Wellington, one of the industry's premier private partnerships, had to pony up more than $20 million to cover a loss suffered by client Blue Cross & Blue Shield of Massachusetts Inc., Boston, when the firm misdirected some new mandates, two sources confirmed.
One of the sources said Wellington had gotten four new allocations from the $833 million Blue Cross & Blue Shield retirement plans slated for three commingled funds and one separate account, but put all four into the separate account. The source didn't say how much new money was allocated to Wellington, other than the combined amount was “big.”
Officials overseeing the Blue Cross/Blue Shield retirement plans noticed the mistake less than two months after it was made. By that time, the value of the misplaced holdings had declined by $20 million more than if the money had been invested according to instructions. Money managers familiar with the situation say Wellington fully compensated Blue Cross & Blue Shield for the loss.
Allen Maltz, chief financial officer at Blue Cross/Blue Shield, wouldn't be interviewed for this story, a spokeswoman said in an e-mail. A call to Perry Traquina, Wellington's president and chief executive officer, was referred to spokeswoman Lisa D. Finkel, who declined to comment.

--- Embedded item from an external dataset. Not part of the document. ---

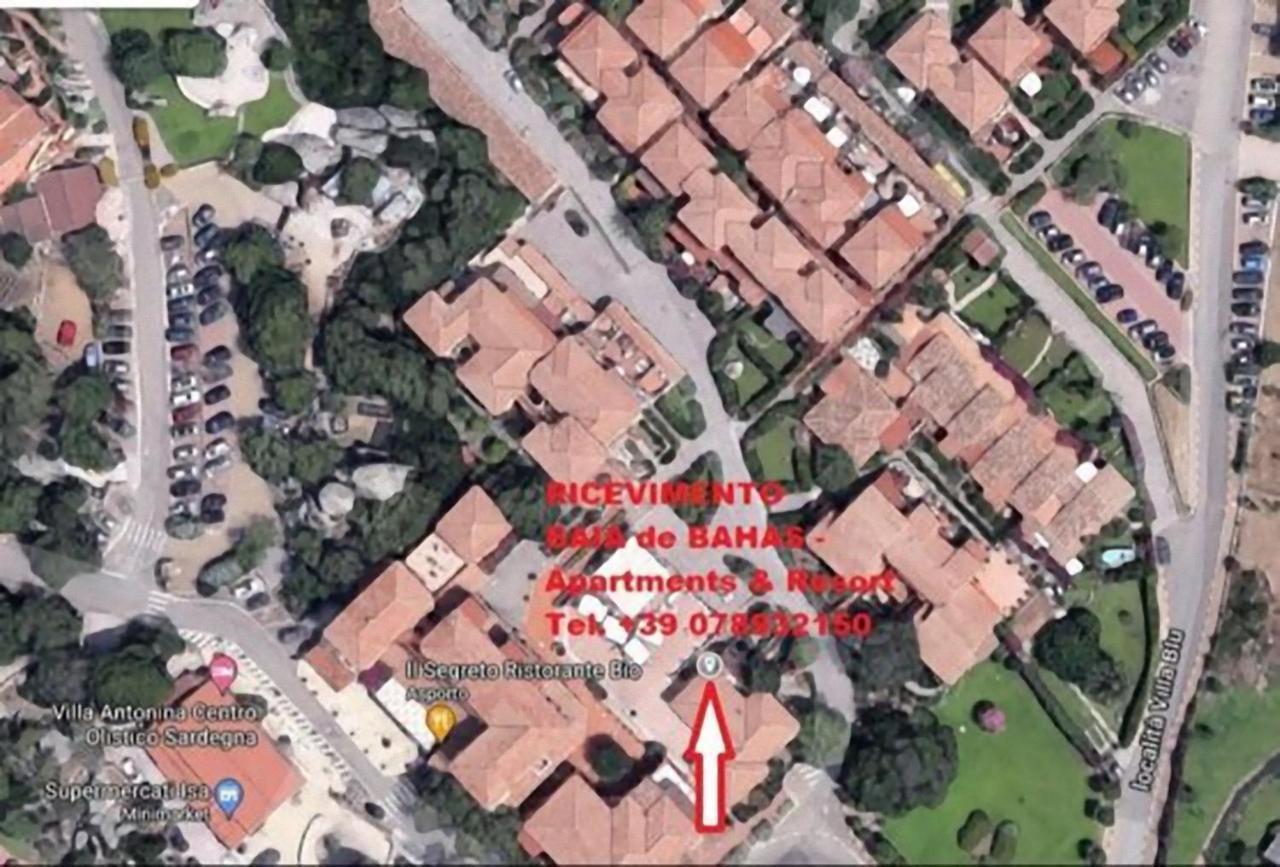 Appartamenti Marineledda Golfo Di Marinella Golfo Aranci Exteriör bild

Industry veterans said such mistakes occur all too frequently. They praised Wellington for quickly making the client whole. One Wellington pension fund client said it's not the mistake that counts, it's the response, and Wellington's response is just what you'd expect from a first-rate firm. The executive, who declined to be named, didn't have first-hand knowledge of the Blue Cross & Blue Shield situation.